Call of Shareholders’ Meeting
San Donato Milanese, 12 February 2013 - At its meeting held today under the chairmanship of Lorenzo Bini Smaghi, the Board of Directors of Snam has called an Ordinary Shareholders’ Meeting to resolve on the following matters: (i) approval of the financial statements for the year ended 31 December 2012; (ii) allocation of profits for the year and distribution of dividends; (iii) approval of the remuneration policy pursuant to Article 123- ter of the Consolidated Finance Act (TUF); and (iv) replacement of the Company bodies, whose mandate ends with the approval of the 2012 financial statements.
The Board of Directors also resolved to propose to the Extraordinary Shareholders’ Meeting the amendment of Articles 2, 5, 6, 9, 12, 13, 16, 17 and 20 of the Bylaws.
The Shareholders’ Meeting will be called in extraordinary session for 25, 26 and 27 March 2013, on first, second and third call, respectively, and in ordinary session for 25 and 26 March 2013, on first and second call, respectively.
In addition to purely formal amendments, the proposals of the Bylaws amendments which will be proposed to the Extraordinary Shareholders’ Meeting concern:
• Articles 9 and 12. Removal of the provision governing additions to the agenda for the shareholders’ meeting. In this regard, it is noted that Article 9 of the Bylaws reproduces the content of Article 126- bis of the TUF. Article 126- bis of the TUF was recently subject to a legislative amendment. The proposed amendment avoids the need to update the provision of the Bylaws whose removal is proposed. The procedures for the exercise of Shareholders’ rights as cited in Article 126- bis of the TUF are, in any case, reproduced in the notice of call of meetings.

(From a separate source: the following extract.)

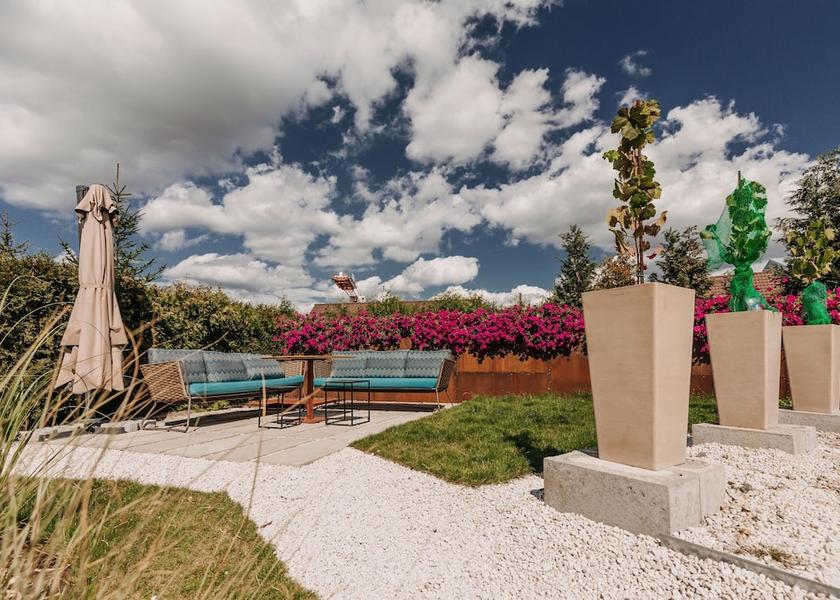 Karlovy Vary (region) Karlovy Vary Terrace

Insertion into the Bylaws of a provision for a combined notice of meeting instead of the two notices for the ordinary session and three for the extraordinary session as currently provided for by the Bylaws. The amendment is intended to comply with Article 1(2) of Legislative Decree 91 of 18 June 2012, amending paragraph 1 of Article 2369 of the Italian Civil Code, which provides that the combined notice of meeting represents the standard procedure for the organisation of shareholders’ meetings of companies financed by recourse to the venture capital market, unless otherwise provided for by the Bylaws. This proposal is justified by the need for simplification.
• Articles 13, 16 and 20. Insertion into these articles of provisions prohibiting directors (Article 13), auditors (Article 20), senior managers and the chief financial officer (Article 16) from sitting on the administrative board or supervisory board and from holding managerial office in Eni S.p.A. or its subsidiaries, or from dealing with such companies directly or indirectly on a professional or financial basis, in compliance with the provisions of Article 2(2)(c) of the Prime Ministerial Decree of 25 May 2012, implementing Decree-Law 1 of 24 January 2012, converted with amendments into Law 27 of 24 March 2012.

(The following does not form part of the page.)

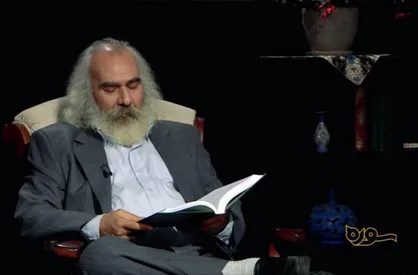 پخش دومین قسمت از برنامه تلویزیونی &laquo;سوره&raquo;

The reports and documentation on the items on the agenda for the Extraordinary and Ordinary Shareholders’ Meeting will be made available to the public in accordance with the law.
Finally, the Board of Directors approved the 2012 Report on Corporate Governance and Ownership Structure, which includes the information required by the provisions of the Corporate Governance Code for Listed Companies promoted by Borsa Italiana S.p.A., with which Snam complies, as well as the information required by the provisions of applicable laws and regulations, and which will be published at the same time as the 2012 Annual Report (by 4 March 2013).
The Board has confirmed Georgeson S.r.l. as the entity designated by the Company pursuant to Article 135- undecies of the TUF, to which shareholders may confer proxies, free of charge, for participation in the Meeting.